江戸川乱歩や谷崎潤一郎はギリギリ公開?
前出の著作権情報センターによると、「TPPの大筋合意を受けて、これから国内で法改正などを整備します。そのため、実際の運用がはじまるまでは2年ほどかかると思いますが、おそらく現在、すでに保護期間(50年)が切れている作品については(法の不遡及原則により)そのまま無料で読むことができます」と話しているが、「(青空文庫の蔵書は)相対的に数は減ることになります」と説明する。
つまり青空文庫の蔵書の多くを占める、森鴎外や夏目漱石、芥川龍之介、さらには太宰治(1948年没)や林芙美子(51年没)、坂口安吾(55年没)、永井荷風(59年没)など、明治から昭和初期の作品については無料で読めるが、これから「50年」を迎える著作者の作品は「70年」に延びることになるわけだ。
たとえば、著作権の保護期間が2016年に切れる江戸川乱歩や谷崎潤一郎(65年没)や、2017年に切れる亀井勝一郎(66年没)の作品はギリギリ公開できるかもしれないが、2018年に期限を迎える山本周五郎(67年没)や2021年の三島由紀夫(70年没)、2022年の志賀直哉(71年没)、2023年の川端康成(72年没)などの作品を、青空文庫で読むにはもう20年待たなければならないことになる。
じつは青空文庫は2014年9月に、TPPによる著作権保護期間延長が行われた場合の青空文庫の対応を示していて、そこでは「著作権保護の国際標準はヴェルヌ条約で定められた『50年』である」として「反対」を唱えている。
著作権情報センターは、「ヴェルヌ条約にあるのは『最低』50年ということです。この問題は国内でも以前から(延長が必要との)議論がありました。それが決まらなかった。先進国で『50年』なのは日本だけ。いわば時代の流れです」と、今回のTPPでの決着に理解を示している。
とはいえ、インターネットには、
「まじか、谷崎の著作権切れるのに......」
「著作権70年になるとしたらいつから改定されるんだろう。
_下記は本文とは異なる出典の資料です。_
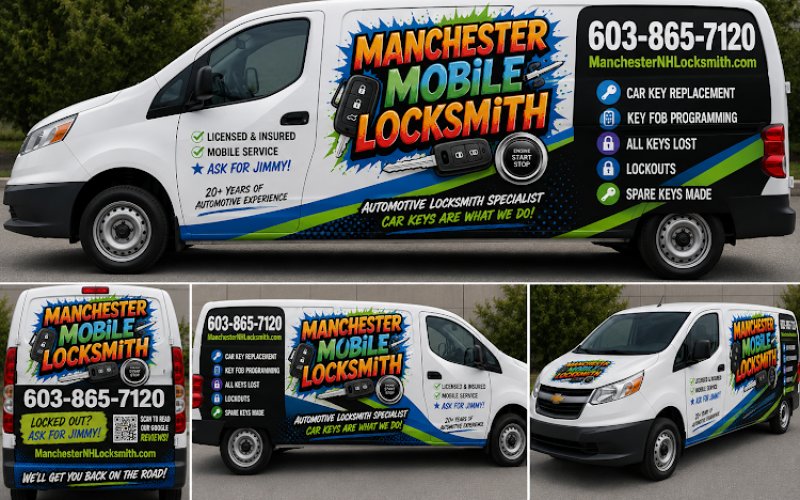 Manchester Mobile Locksmith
来年(2016年)からだと江戸川乱歩の作品はあと20年待たなきゃということか」
「著作権保護が70年になるの...... はっきりいってイヤです。今のままにして!」
と、落胆の声は少なくないようだ。
一方、青空文庫は「国内の法整備などをみながら作業を進めることになります」と、保護期間の延長決定に抗うことはしないものの、「たとえば米国で日本文学を研究している人にとっては、保護期間の延長で入手できなくなる作品が出てくることになります。他の意見を聞くことなく、経済のモノサシだけで測って(延長が)決められたことに疑問を感じています」と、呆れぎみに話している。